Regional differences in LAI values on the Vvill1.0 reference assembly highlighted in a sliding window analysis. Each dot is colored by the originating scaffold of the Vvill1.0 assembly and represents the LAI value in a 3 Mbp window (step = 300 kbp) of the assembly. Vertical dashed lines represent the boundaries of the major scaffolds of the assembly. Any LAI value greater than 20.0 represents the “gold” standard for assembly quality of LTR repetitive elements.

Table 3.

Read mapping statistics of Vvill1.0 and V. sativa genome assemblies using V. villosa short-reads.

Assembly quality statistics Vvill1.0 V. sativa a
Reads mapped (%) 98.6 47.0
Genome coverage (%) 99.9 20.8
Base QV 45.0 14.7
k-mer completeness 81.6 5.6
k-mer error rate 8.1 × 10−6 0.1
k-mer based QV 50.9 11.7
SV-DEL 27,169 17,808
SV-DUP 5,659 8,827
SV-BND 101,348 233,506
LOW_COV_PE 91,325 409,606
LOW_NORM_COV_PE 67,103 391,665
HIGH_SPAN_PE 1,928 172,241
HIGH_COV_PE 19,400 120,215
HIGH_NORM_COV_PE 19,899 88,253
HIGH_OUTIE_PE 276 18,762
HIGH_SINGLE_PE 79 204,603
STRECH_PE 23,819 28,103
COMPR_PE 106,336 178,393

aComparisons are from V. villosa short-reads mapped to the V. sativa reference genome to demonstrate the utility of a separate reference genome for the former species. Variant calls by Freebayes [44] were used to calculate the Base QV for all bases with at least 3× coverage. K-mer completeness, k-mer error rate, and k-mer-based QV were calculated using merqury [46]. All structural variants (SV-DEL: deletions, SV-DUP: duplications, and SV-BND: trans-contig associations) were identified using LUMPY-SV [47]. Rows with a “PE” suffix indicate features identified by FRCbam [48], and the detailed definitions for each can be found in the original publication. Brief descriptions are as follows: LOW_COV_PE: regions of low read coverage; LOW_NORM_COV_PE: regions of low coverage of normal PE reads; HIGH_SPAN_PE: regions with high numbers of read pairs that map to different contigs/scaffolds; HIGH_COV_PE: regions of high read coverage; HIGH_NORM_COV_PE: regions of high coverage of normal PE reads; HIGH_OUTIE_PE: regions with high numbers of misoriented pairs; HIGH_SINGLE_PE: regions with high numbers of unmapped pairs; STRECH_PE: regions with high compression/expansion statistics; COMPR_PE: regions with low compression/expansion statistics.

The k-mer count plot [46] for our assembly shows a prominent peak at ∼35× coverage representing k-mers from heterozygous sequences, and a much smaller peak at ∼70× coverage representing k-mers from homozygous sequences (Figure 6).
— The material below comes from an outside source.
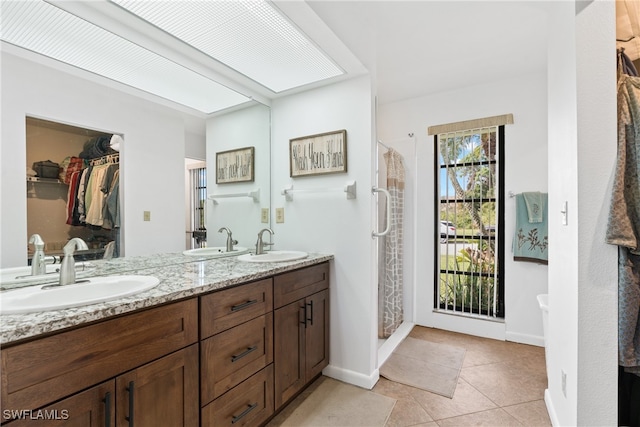 bathroom with vanity, walk in shower, and tile patterned flooring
The approximately two-fold higher count of heterozygous compared to homozygous k-mers is in agreement with the high level of heterozygosity (3.1%) estimated by GenomeScope using the V. villosa short-reads as input (Figure 2). This elevated heterozygosity is likely a result of the cross-pollinating nature of V. Villosa compared with the selfing nature of V. sativa [39]. We note that the “read-only” k-mer peak, representing k-mers observed in the short-reads but not in the assembly, indicates that some unique heterozygous sequence is not completely represented in Vvill1.0. This is likely a result of the removal of duplicated sequences resulting from the PacBio IPA assembly and the purge_dups workflow we used to generate Vvill1.0. The k-mer histogram plots are highly sensitive to the absence of single nucleotide variants that were likely present in purged duplicated regions, so their absence is less likely to impact future DNA sequence alignment surveys. This notable absence of k-mer frequency does provide a cautionary tale, as the purging of additional duplicated sequences would only exacerbate issues with genome representation, as mentioned above.

Figure 6.

Figure 6.

K-mer assembly spectra plot generated by merqury [46] showing the distribution of k-mers (k = 21) found in the Illumina short-read set (black, read-only) and k-mers found in our Vvill1.0 assembly (red, Vvill1.0). The red bar at zero multiplicity indicates k-mers found only in the assembly. The read-only peak at ∼35× likely represents heterozygous variants missing from the assembly.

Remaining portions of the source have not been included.